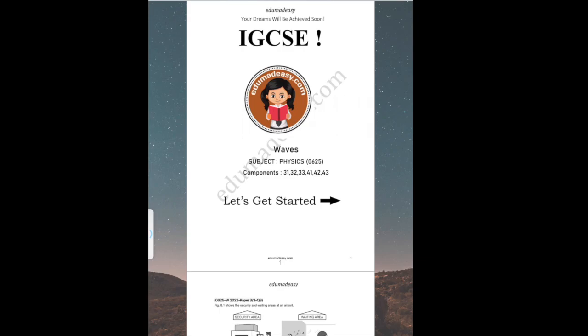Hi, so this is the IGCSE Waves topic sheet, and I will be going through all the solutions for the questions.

...

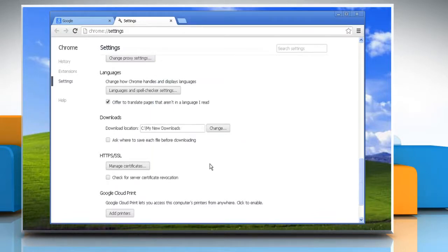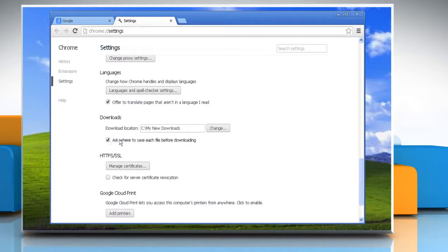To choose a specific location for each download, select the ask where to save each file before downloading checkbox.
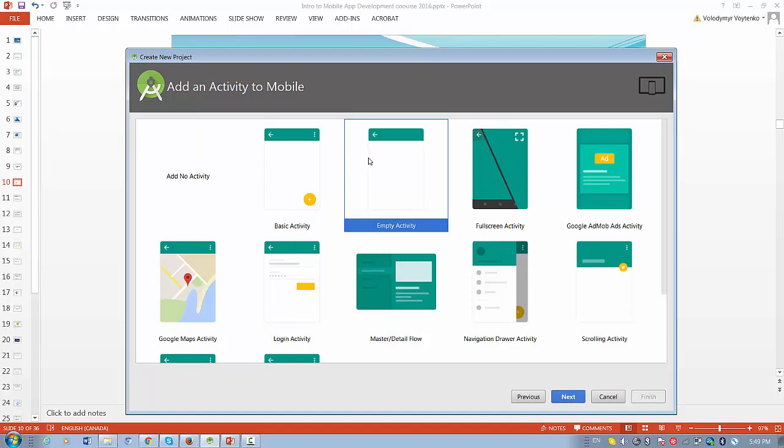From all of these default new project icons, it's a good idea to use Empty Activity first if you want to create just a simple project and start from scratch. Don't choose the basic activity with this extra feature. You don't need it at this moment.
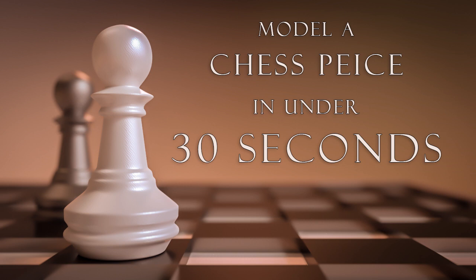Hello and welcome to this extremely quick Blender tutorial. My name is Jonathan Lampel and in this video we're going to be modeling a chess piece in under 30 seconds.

==

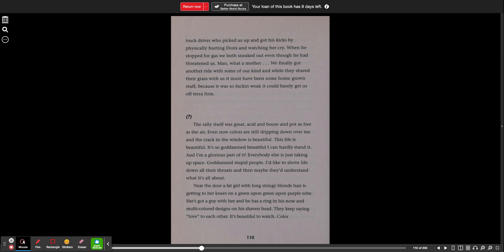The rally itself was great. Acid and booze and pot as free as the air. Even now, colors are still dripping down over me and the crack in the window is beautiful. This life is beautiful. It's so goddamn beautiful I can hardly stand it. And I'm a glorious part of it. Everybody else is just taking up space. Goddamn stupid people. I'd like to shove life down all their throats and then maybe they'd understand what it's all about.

- Exercise requirements -
From the listing above, repeat only the lines between the line containing "To choose a" and the line containing "Hello and welcome", those two included. Pictures are not part of the copy.

- Result for this task -
To choose a specific location for each download, select the ask where to save each file before downloading checkbox.
From all of these default new project icons, it's a good idea to use Empty Activity first if you want to create just a simple project and start from scratch. Don't choose the basic activity with this extra feature. You don't need it at this moment.
Hello and welcome to this extremely quick Blender tutorial. My name is Jonathan Lampel and in this video we're going to be modeling a chess piece in under 30 seconds.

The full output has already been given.